The picture above shows the test setup for power output and slew rate measurements that are optional. An HP3312A function generator and a Tektronix TDS520D 500MHz oscilloscope was used for these particular tests. However, similar equipment may be used if you’re planning to perform the same optional tests.   Be careful not to touch the amplifier under test, heatsink and dummy load; they will get very hot!

The dummy load is only connected to the amplifier during power output measurement. It should be disconnected from the output of the amplifier during slew rate measurement. The Zobel network resistor R29, a 10Ω 3W wire wound power resistor, should be disconnected as well. Running a continuous high frequency square wave signal to the amplifier will damage this resistor.

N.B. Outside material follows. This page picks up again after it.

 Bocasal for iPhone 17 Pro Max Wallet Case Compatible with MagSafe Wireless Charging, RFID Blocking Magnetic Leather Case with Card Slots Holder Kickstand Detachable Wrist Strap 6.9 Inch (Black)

As mentioned and shown earlier, the measured power output of the amplifier before clipping is 211 watts at 8Ω with ±64VDC power supply rails. This power output was achieved by applying a 1KHz at 5.8Vp-p sine wave input signal to the amplifier that resulted to a 41.1Vrms across an 8Ω dummy load. The slew rate was measured by applying a 100KHz square wave signal to the input of the amplifier and its amplitude adjusted to obtain a square wave output waveform at about 22.2Vpp.

The picture above shows an 8Ω dummy load, Project 51, QA190, QA400, DMMs, Variac/power supply and a Dell laptop computer. This is a simple test setup in performing some basic audio measurements to the power amplifier project with very good results. A QA400 24-bit Real Time Audio Analyzer from QuantAsylum was utilized to measure noise, THD, THD+N, SNR and frequency response. The QA400 is USB powered, controlled by its own application software and can generate and analyze very accurately a series of burst test tones. For this test, the USB hardware was connected to a Dell laptop computer that’s running a Windows 7 operating system.

The input clipping level on the QA400 is +3dBV or 4Vpp. As it is, that’s good enough for testing low voltage level preamplifier or tone control projects. It is however a problem when testing power amplifiers that’s producing very large amount of voltage. To avoid this damaging condition to the QA400, it is necessary to attenuate the high voltage signal coming from the output of the power amplifier project. One of several ways is to connect a QA190 Low Noise Differential Probe to the input of the QA400. The QA190 clamps the high-voltage signal from the output of the amplifier under test to safe level of about ±4 volts. The QA190 is battery powered and is also fitted with a selectable /10 and /100 range switch for convenience. With the protection of the QA190 in place you don’t have to worry about destroying the QA400 and life goes on!

The left or right channel signal generator output of the QA400 is directly connected to the input of the amplifier under test. Depending on the type of measurement, the signal generator generally generates a 1KHz sine wave signal at -10dB with a sweep from 20Hz start frequency up to 20KHz stop frequency span; however, all these values are user definable. You can also safely monitor this signal by connecting an oscilloscope at the input of the amplifier under test. The next captured QA400 display area pictures will show the test results of Project 51.

How does this project sound? The audio quality perceived during music test reveals the wide frequency response of a CFA-based audio power amplifier. In real world listening with various music materials, the experience was excellent. The prototype unit was connected to a modified LM49720 tone control preamp, a Toshiba HD-A2 player and a Kenwood MV-9D monitor speaker. Several CD albums were auditioned during listening test.